- Instructions to follow:
Beneath this line are the data; copy exactly the part of them that opens with the line containing "Used 2023 Chevrolet Traverse LT image 12" and closes with the line containing "El Ahuehuete Tequila", and only that part.

- Records provided:
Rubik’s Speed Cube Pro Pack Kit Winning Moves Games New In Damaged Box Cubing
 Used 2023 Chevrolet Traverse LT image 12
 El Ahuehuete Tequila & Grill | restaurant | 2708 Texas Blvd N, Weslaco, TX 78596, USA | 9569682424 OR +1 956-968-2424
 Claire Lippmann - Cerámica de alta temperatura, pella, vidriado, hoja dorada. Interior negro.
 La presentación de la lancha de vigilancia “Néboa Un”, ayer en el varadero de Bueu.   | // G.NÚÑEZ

- Worked solution:
 Used 2023 Chevrolet Traverse LT image 12
 El Ahuehuete Tequila & Grill | restaurant | 2708 Texas Blvd N, Weslaco, TX 78596, USA | 9569682424 OR +1 956-968-2424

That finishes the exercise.